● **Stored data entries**
=== Section Start ===
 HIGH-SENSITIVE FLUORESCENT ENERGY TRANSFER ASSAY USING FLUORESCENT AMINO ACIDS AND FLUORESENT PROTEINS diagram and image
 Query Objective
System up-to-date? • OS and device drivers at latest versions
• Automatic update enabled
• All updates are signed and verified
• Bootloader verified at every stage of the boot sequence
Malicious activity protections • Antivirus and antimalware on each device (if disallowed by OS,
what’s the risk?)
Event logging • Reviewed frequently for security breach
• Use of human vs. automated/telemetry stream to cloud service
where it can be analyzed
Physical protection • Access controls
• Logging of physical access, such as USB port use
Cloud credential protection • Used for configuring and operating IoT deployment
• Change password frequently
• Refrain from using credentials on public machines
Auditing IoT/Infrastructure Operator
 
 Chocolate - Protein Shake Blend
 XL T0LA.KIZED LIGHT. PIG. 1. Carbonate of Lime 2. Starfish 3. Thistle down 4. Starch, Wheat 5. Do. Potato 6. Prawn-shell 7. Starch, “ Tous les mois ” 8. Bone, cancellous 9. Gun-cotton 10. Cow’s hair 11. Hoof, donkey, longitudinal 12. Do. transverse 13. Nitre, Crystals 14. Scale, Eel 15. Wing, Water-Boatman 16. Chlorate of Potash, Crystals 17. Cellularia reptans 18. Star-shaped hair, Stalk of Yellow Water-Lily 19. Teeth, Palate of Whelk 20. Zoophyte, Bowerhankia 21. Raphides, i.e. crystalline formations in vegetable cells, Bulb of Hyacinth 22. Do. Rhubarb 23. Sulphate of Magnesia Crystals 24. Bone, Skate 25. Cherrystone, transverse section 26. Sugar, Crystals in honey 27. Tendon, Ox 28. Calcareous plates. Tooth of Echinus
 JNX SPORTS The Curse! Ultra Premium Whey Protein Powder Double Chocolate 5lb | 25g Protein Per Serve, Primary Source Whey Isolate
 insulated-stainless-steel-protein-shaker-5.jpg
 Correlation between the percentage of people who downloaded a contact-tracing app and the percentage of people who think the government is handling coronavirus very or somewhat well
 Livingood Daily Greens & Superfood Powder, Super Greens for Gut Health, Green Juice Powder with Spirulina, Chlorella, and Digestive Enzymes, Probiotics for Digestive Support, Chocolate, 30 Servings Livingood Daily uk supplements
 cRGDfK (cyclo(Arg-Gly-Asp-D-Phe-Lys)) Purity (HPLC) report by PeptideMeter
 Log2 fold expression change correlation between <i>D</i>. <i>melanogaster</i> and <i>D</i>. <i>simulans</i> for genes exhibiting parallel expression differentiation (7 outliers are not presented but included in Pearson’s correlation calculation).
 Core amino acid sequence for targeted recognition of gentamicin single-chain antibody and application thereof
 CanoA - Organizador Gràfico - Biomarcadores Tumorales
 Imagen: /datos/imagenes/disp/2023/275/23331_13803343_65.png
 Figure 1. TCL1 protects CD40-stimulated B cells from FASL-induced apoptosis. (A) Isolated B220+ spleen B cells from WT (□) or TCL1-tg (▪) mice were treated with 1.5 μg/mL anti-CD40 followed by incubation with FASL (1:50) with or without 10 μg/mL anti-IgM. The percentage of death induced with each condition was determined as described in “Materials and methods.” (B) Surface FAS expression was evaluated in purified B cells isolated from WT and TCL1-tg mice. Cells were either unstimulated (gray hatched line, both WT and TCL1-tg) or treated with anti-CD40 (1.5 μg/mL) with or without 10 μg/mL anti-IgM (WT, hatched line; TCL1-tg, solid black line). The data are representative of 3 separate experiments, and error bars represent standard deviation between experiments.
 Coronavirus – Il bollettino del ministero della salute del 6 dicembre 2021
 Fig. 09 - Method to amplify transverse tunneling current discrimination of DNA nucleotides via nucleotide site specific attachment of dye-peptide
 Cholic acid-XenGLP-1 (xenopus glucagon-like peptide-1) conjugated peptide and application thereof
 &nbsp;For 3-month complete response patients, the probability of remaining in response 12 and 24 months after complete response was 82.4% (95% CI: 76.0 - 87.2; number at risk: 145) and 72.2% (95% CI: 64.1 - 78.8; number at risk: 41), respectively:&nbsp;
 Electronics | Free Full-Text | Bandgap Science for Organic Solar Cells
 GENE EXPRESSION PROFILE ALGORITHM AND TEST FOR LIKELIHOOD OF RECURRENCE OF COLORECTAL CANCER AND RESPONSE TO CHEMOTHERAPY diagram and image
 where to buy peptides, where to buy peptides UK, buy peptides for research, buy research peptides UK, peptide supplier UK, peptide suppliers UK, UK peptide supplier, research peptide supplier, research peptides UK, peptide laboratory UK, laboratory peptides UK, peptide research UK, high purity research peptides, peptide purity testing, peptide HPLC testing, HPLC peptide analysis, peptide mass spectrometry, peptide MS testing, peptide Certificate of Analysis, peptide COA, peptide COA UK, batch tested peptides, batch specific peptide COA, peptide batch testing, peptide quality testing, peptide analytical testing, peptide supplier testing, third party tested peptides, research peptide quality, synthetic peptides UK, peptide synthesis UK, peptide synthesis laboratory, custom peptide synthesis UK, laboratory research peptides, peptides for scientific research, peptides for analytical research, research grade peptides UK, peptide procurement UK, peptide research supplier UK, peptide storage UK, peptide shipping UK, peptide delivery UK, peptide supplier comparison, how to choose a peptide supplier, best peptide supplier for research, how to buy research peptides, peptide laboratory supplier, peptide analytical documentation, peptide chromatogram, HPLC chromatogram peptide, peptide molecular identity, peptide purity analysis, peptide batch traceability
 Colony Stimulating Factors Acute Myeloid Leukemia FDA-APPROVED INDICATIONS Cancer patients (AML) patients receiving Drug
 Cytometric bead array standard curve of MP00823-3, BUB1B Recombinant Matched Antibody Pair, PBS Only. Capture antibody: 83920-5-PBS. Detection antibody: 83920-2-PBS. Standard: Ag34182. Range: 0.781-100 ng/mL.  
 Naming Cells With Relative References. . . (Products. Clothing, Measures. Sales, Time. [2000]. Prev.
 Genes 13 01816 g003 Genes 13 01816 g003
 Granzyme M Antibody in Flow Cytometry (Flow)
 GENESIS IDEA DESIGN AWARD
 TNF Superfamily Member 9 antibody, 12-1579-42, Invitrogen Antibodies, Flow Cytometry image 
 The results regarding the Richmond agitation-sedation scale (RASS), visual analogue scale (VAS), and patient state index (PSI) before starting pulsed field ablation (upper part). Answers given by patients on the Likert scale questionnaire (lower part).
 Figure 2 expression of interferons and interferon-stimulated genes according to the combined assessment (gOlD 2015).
=== Section End ===
● **What needs to be done**
Output the lines above exactly, but only those between the line holding "Query Objective" and the line holding "Chocolate - Protein Shake Blend", inclusive.

● **Written reply**
 Query Objective
System up-to-date? • OS and device drivers at latest versions
• Automatic update enabled
• All updates are signed and verified
• Bootloader verified at every stage of the boot sequence
Malicious activity protections • Antivirus and antimalware on each device (if disallowed by OS,
what’s the risk?)
Event logging • Reviewed frequently for security breach
• Use of human vs. automated/telemetry stream to cloud service
where it can be analyzed
Physical protection • Access controls
• Logging of physical access, such as USB port use
Cloud credential protection • Used for configuring and operating IoT deployment
• Change password frequently
• Refrain from using credentials on public machines
Auditing IoT/Infrastructure Operator
 
 Chocolate - Protein Shake Blend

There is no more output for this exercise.